Sounds sort of like a classic car restoration, right? Well, for one of those spacewalkers, the environment may have been new but such mechanical restoration work was something he’d been doing since he was a teenager restoring a 1967 Ford Mustang in the family garage in north suburban Detroit.

Astronaut Drew Feustel on car restoration and mechanics in space
Feustel rode to work twice on the Space Shuttle. He restores and collects classics such as the BMW, but also needs a daily driver | Anthony Feustel photo courtesy RPM Foundation

In March 2018, astronaut Andrew J. “Drew” Feustel will make his third flight into space, and this time he’s scheduled to spend six months in the International Space Station where, during any free time he may have, Feustel might be found sketching out car designs.

“I wanted to be an automotive designer,” Feustel said during a recent pre-flight interview.

But back when he was a teenager enrolled at Oakland Community College in Michigan, Feustel had declared two majors. One, as you might expect, was industrial and automotive design. But the other was geology.

At that point, Feustel already had spent five years restoring his Mustang, and while in junior college, he took a part-time job at a shop where he helped restore vintage XK Jaguars.

Astronaut Drew Feustel on car restoration and mechanics in space
Back on earth, Feustel works on one of his automotive projects | RPM

Yet for Feustel, the lure of someday mining in space proved more alluring than even that of creating future earthbound transportation devices.

“But I still will take a pencil and doodle out a car design,” said Feustel, who has restored and owned a long enough list of collector vehicles that when asked to name them, he starts to do so, but then he remembers others, and then even more.

From time to time, he said, “My wife says I have to sell them, but how can you sell a good car?”

At the moment, the collection includes five, or maybe it’s six, vintage vehicles, plus two family daily drivers.
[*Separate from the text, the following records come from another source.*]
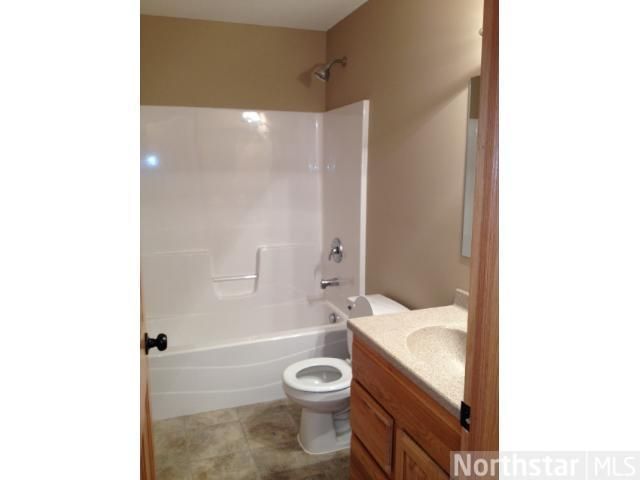 200 8th St SE, New Prague, MN 56071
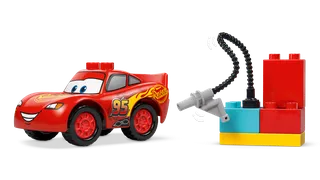 McQueen's Visit to Doc's Garage von LEGO – Produktfoto 3 von 9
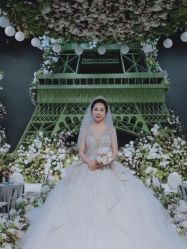 -贺贺新娘造型婚纱店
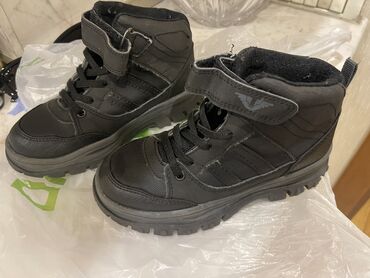 Uşaq ayaqqabıları: 31 razmer,botinki,yaxshi veziyyetde -da lalafo.az — 3 Uşaq ayaqqabıları: 31 razmer,botinki,yaxshi veziyyetde — 3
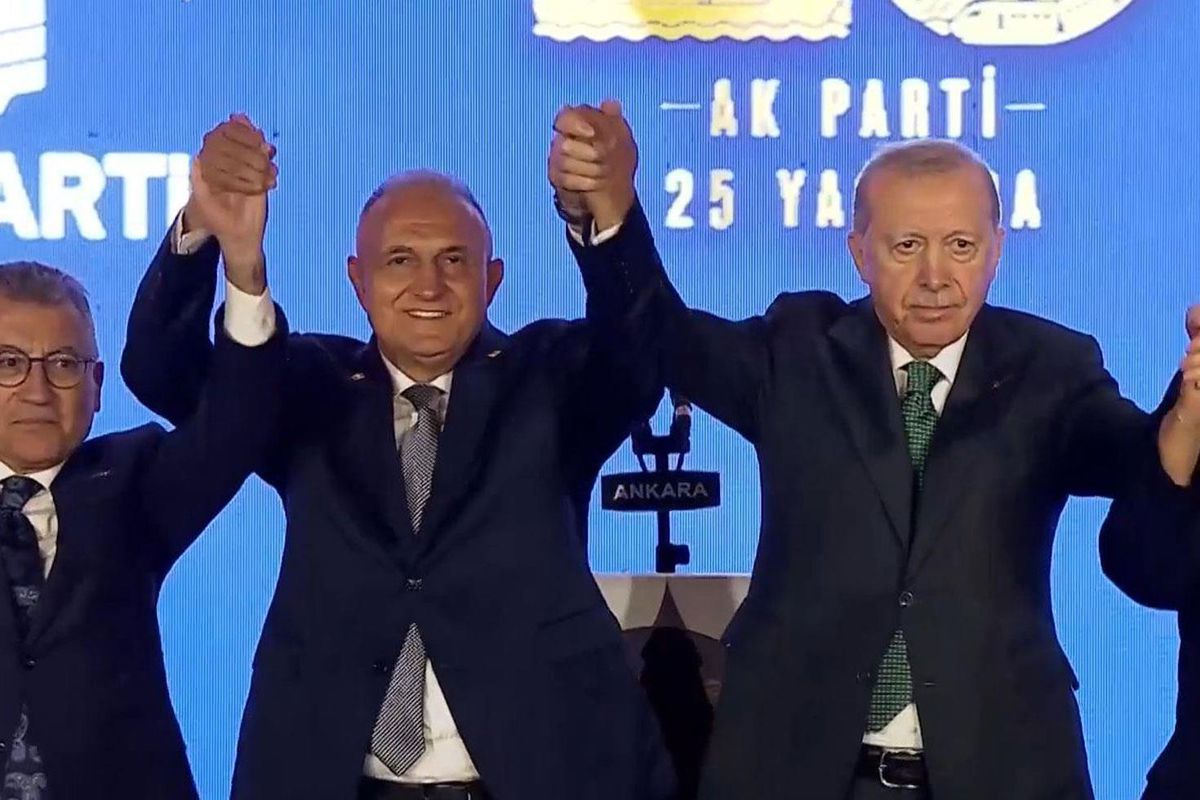 3 milletvekili daha AK Parti'ye katıldı! Rozetlerini Cumhurbaşkanı Erdoğan bizzat taktı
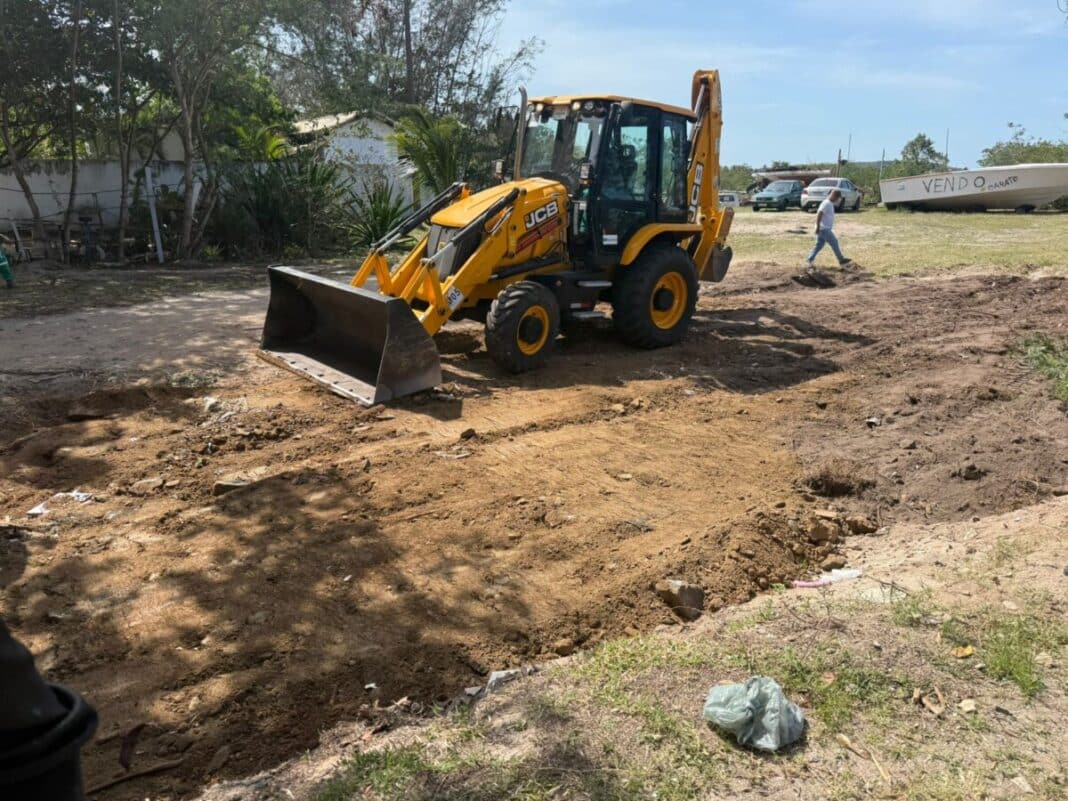 Mutirão da Prefeitura recupera área pública no bairro Gamboa, em Cabo Frio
Astronaut Drew Feustel on car restoration and mechanics in space
During an 8-hour spacewalk, Feustel and another astronaut refilled a space station cooling loop and lubricated a massive solar alpha rotary joint. | NASA

From Oakland Community, Feustel transferred to Purdue University, which has spawned more astronauts than any other school. At Purdue, he earned an undergraduate degree in solid earth sciences and a master’s in geophysics. He also met his future wife, a Canadian, and they lived in her native country while Feustel earned his Ph.D. in geological sciences with a specialization in seismology at Queen’s University.

Feustel was both following family tradition and laying the groundwork for the possibility of a career in space when he enrolled at Purdue. A great uncle had graduated from the Indiana university with a strong reputation in engineering and science in 1905. Both Feustel’s father and another uncle also had gone there.

Astronaut Drew Feustel on car restoration and mechanics in space
Feustel’s official photograph for his upcoming 6-month mission | NASA

But while mining into the Earth would be an interesting career, what really attracted Feustel’s interest was the potential for mining on other planets.

A former Purdue classmate called one day to say Exxon-Mobil sought someone with Feustel’s expertise. That meant moving to Houston, which Feustel knew also was the location of the Johnson Space Center. Three years after the move, Feustel applied to NASA. He was accepted into the astronaut program the following year, 2000, and made his first flight as part of the crew of STS-125 (Atlantis) in 2009.

In 2011, he flew on STS-134 (Endeavour), in part to deliver the Alpha Magnetic Spectrometer for comic-ray particle physics studies. On that mission, he was the lead spacewalker, again logging more than 20 hours outside the Shuttle.

In March, Feustel and Ricky Arnold will join Oleg Artemyev in a Soyuz MS-08 that will take off from the Balkonur Cosmodrome in Kazakhstan en route to the space station, where they will take part in 250 research and technology projects, part of it aimed at future long-duration human and robotic exploration into deep space.

“All the work is science sent to space by researchers on the ground,” Feustel explained. “Our job is to be the hands, eyes and ears of those folks, to make sure the data is collected and the systems keep working.”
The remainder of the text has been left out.